[ASSIGNMENT]
Return the data below unaltered, but strip out the pictures.

[THE DATA]
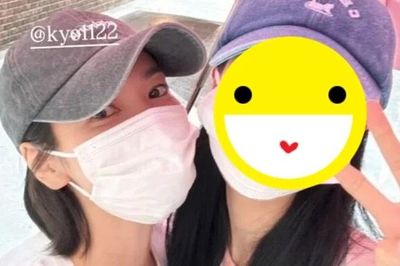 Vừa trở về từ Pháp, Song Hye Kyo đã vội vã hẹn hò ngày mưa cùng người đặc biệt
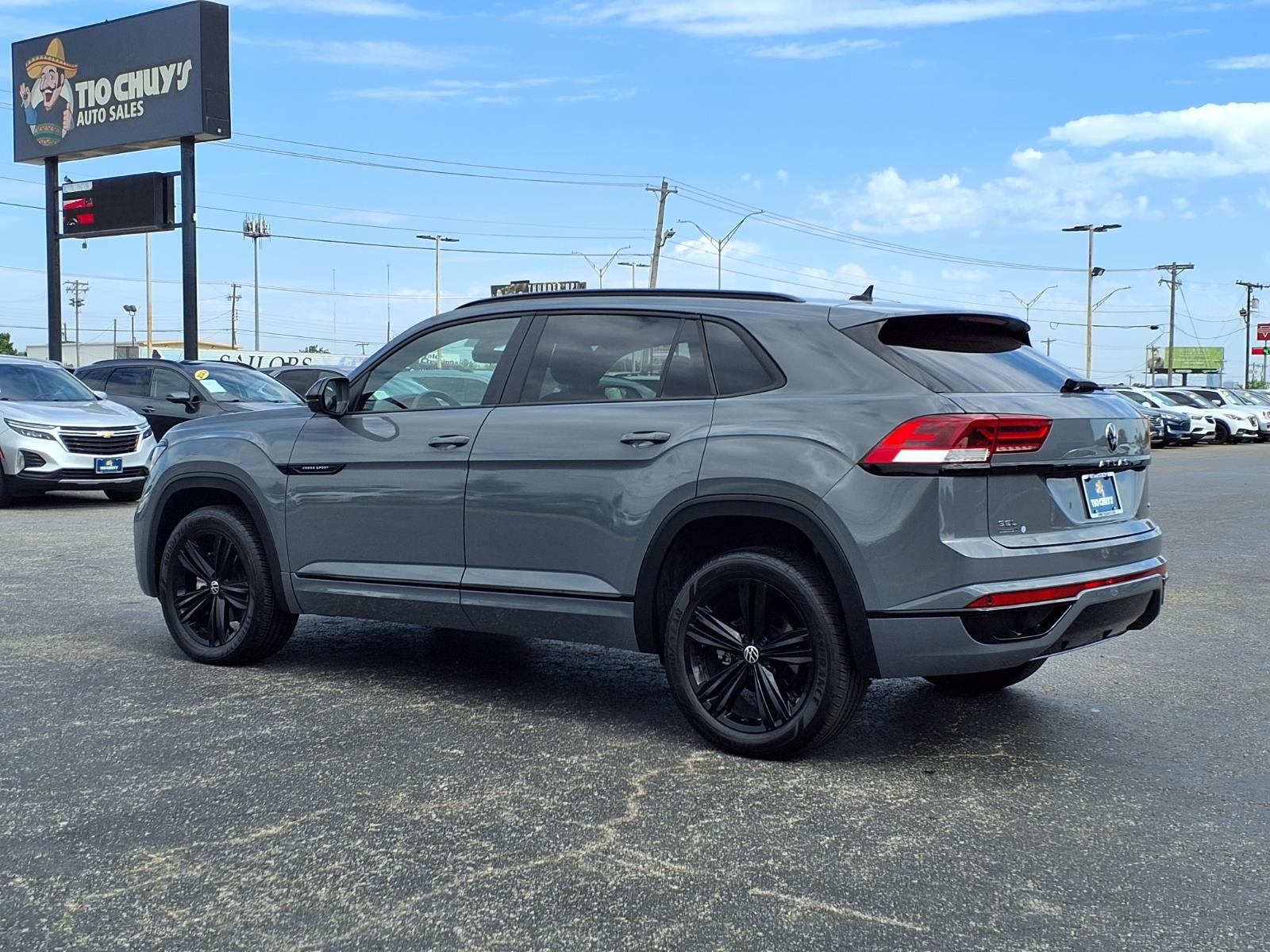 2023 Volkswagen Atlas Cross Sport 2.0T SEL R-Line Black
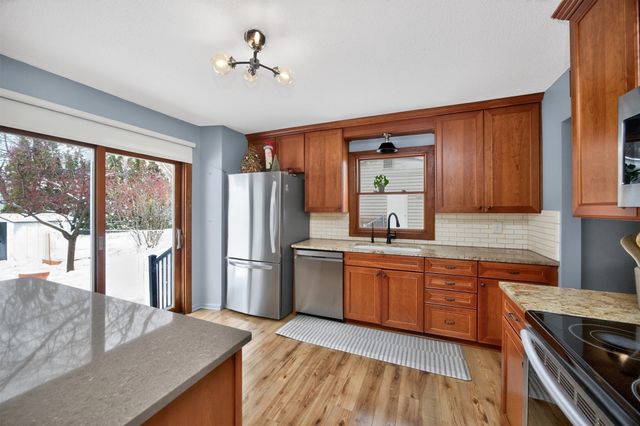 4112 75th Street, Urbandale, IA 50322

[YOUR SOLUTION]
 Vừa trở về từ Pháp, Song Hye Kyo đã vội vã hẹn hò ngày mưa cùng người đặc biệt
 2023 Volkswagen Atlas Cross Sport 2.0T SEL R-Line Black
 4112 75th Street, Urbandale, IA 50322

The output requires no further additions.